The craft’s PolyCam camera captured its first image of Bennu on August 17 from a distance just 1.4 million miles (2.25 million kilometers), and will now begin its final approach. Once it arrives, NASA’s first asteroid-bound mission will start mapping and studying its 1,640-foot-long (500 meters) surface, and ultimately bring samples back to Earth.
These samples will not only give us a first-hand look at an asteroid in its original state, but will allow us to glimpse into our celestial past. Previous studies have shown that Bennu is rich in carbon, which is thought to be a prominent element in the solar system’s oldest asteroids. It’s believed that these ancient objects haven’t changed much since the formation of the solar system, and that they still contain organic molecules, amino acids and volatiles — a.k.a. the building blocks of life. By bringing these primitive samples back to Earth, we can get a better idea of how our solar system formed and how life spread throughout it.
Too Close For Comfort
Unfortunately, we also selected Bennu for more ominous reasons. It’s on NASA’s list of potentially hazardous asteroids, coming within just 186,000 miles (300,000 km) of Earth every six years. Researchers think that Bennu could possibly impact Earth in the late 22nd century, and even though it’s not nearly large enough wipe out humans or destroy the planet, we should still know what we’d be up against.
OSIRIS-REx began its 1.1 billion-mile (1.77 billion km) journey in September 2016 when an Atlas V rocket launched it into orbit around the Sun. Roughly one year and one trip around the Sun later, the craft pulled a “gravity assist” maneuver, where it approached Earth from behind and got pulled into its strong gravitational field. Borrowing some of Earth’s orbital energy as it flew by, OSIRIS-REx was able to speed up and launch itself toward Bennu’s orbital plane, sort of like a slingshot. This move, which has been used on many other missions, reduces the mission’s overall travel time and cuts down on the amount of heavy fuel it needs to lug around.
Since entering Bennu’s orbital plane, the mission has been cruising at about 32,000 miles (51,000 km) per hour, relative to Earth. And it’s now gaining on Bennu at a rate of 1,200 miles (1,930 km) per hour, relative to the asteroid.

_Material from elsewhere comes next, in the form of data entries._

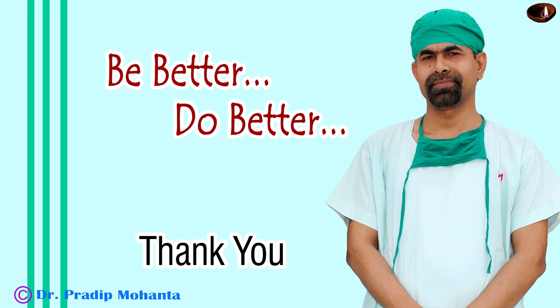Thank you very much for your attention. Hope this video will be helpful in your practice.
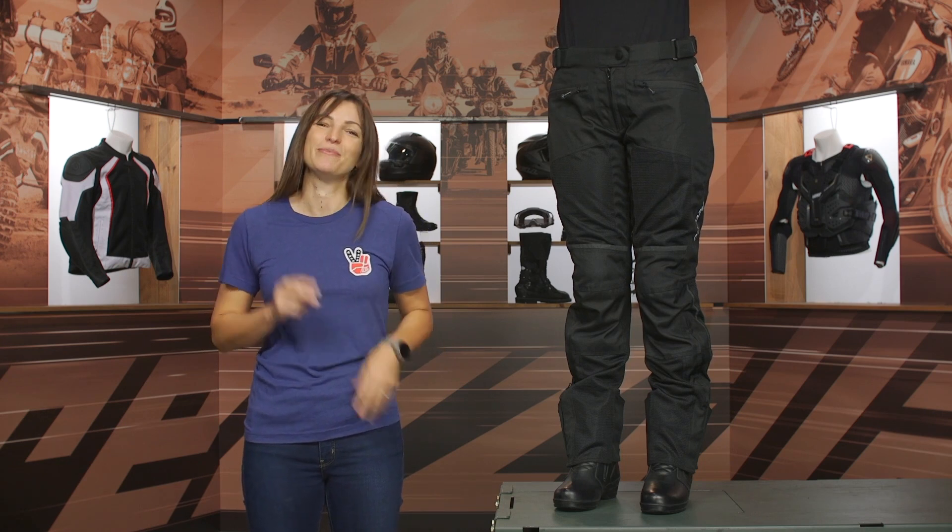Thanks for hanging out as we took a closer look at the Olympia Eve II women's riding pants. I'm Jen — keep it on two.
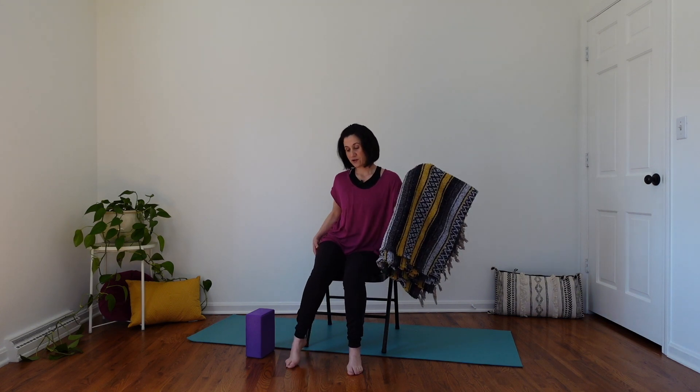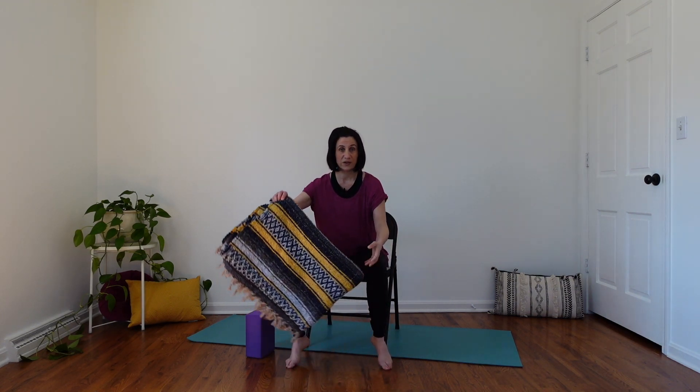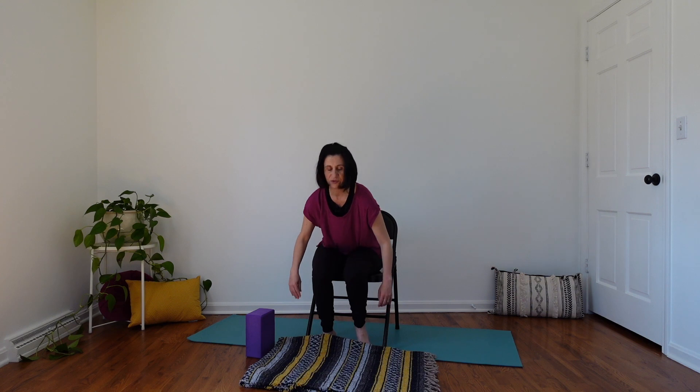Get comfortable in your chair to begin. You could sit on one of your towels or blankets and place it underneath your bottom to help you find more comfort. Or if you're like me and when you sit back your feet dangle, you can place a blanket or two underneath your feet and adjust it however you need to. You want to feel stable in your chair and be able to sit as upright as you can.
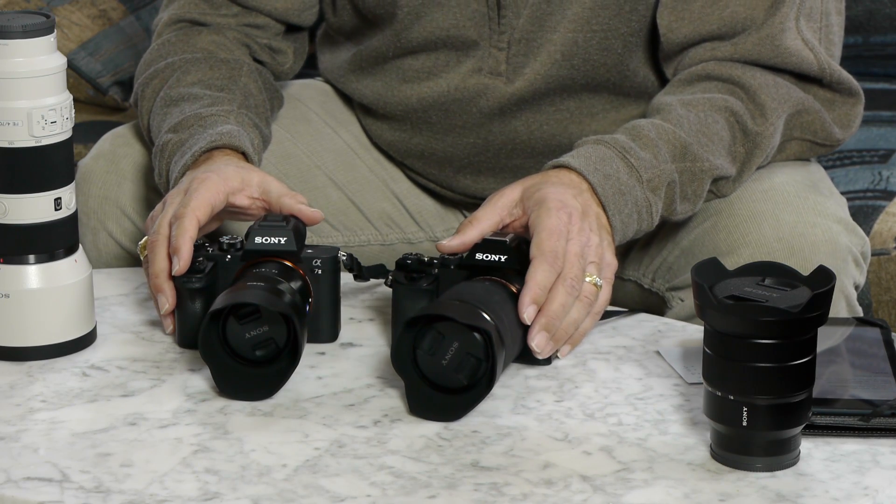All in all, I think the Sony A7II is a significant upgrade to an already good camera, and I would not hesitate to recommend it over the Nikon full-frame or the Canon full-frame. I think it's a much better value for your money, and Sony is much more innovative in bringing forward in-camera image stabilization. One caveat: if you use Lightroom, you need to upgrade to the latest version or it will not handle the new RAW files. But this is a great camera, and if you're thinking about going for it, I would not hesitate to recommend it.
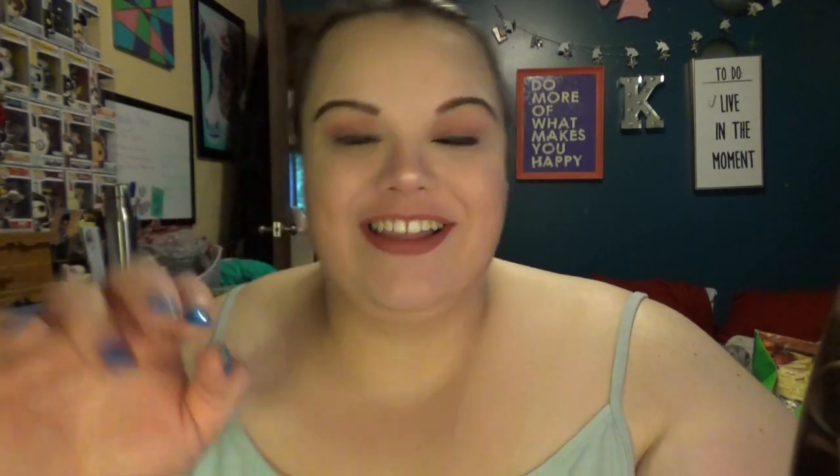Alright, guys, thank you for watching. Don't forget to like, comment, share, and subscribe. I'll see you soon. Bye!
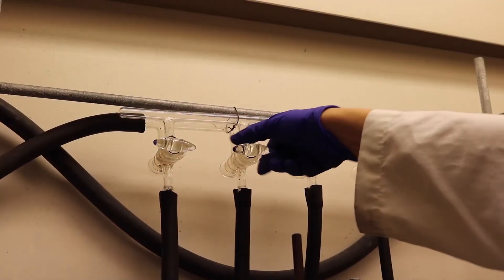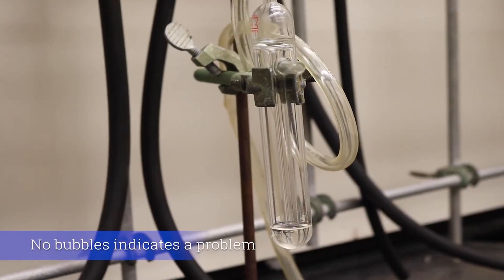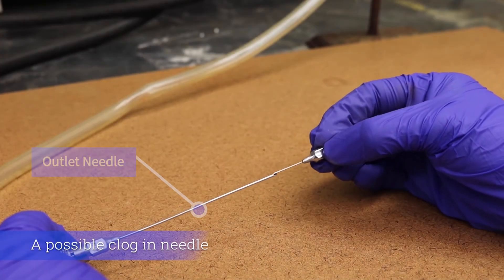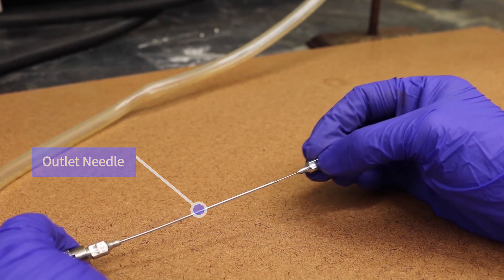Turn the knob in the manifold vertically to let the argon gas in. Bubbling should occur in the second bubbler immediately afterward, indicating that the argon gas is flowing through the round bottom flask. If bubbling does not occur, report to your instructor — the outlet needle may be clogged or there may be a leak in the manifold tubing. In order to unclog the outlet needle, place a smaller needle inside and move it back and forth.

Probing a primitive asteroid
As it inches closer, the craft will slow down to Bennu’s speed and start using its onboard instruments to search for orbiting satellites – mini-moons – identify unique surface features and study its light spectrum to determine its composition. When it arrives in December, it will spend four months hovering only a few miles above the asteroid to measure its size, mass and get an up close and personal view of its exterior.
It will spend a year and a half or so collecting data before finally homing in on a sample site in July 2020. Once selected, OSIRIS-REx’s Touch-And-Go Sample Acquisition Mechanism (TAGSAM) will contact the surface for just five seconds and blast it with nitrogen gas, causing the surface to explode into pieces small enough to bring home in its Sample Return Capsule. The mission hopes to collect a minimum of 2.1 ounces (60 grams) of rock, with room for up to 4.4 pounds (2 kilograms) in the capsule. If all goes as planned, the samples will safely parachute on to the Utah desert in September 2023.
Asteroid missions like OSIRIS-REx and Japan’s Hayabusa2 will not only reveal the elements that made up our early solar system, but will also demonstrate what our advanced space technology is capable of. I mean, if we can make a round-trip journey to an asteroid in a matter of years, who knows what we’ll be able to do next?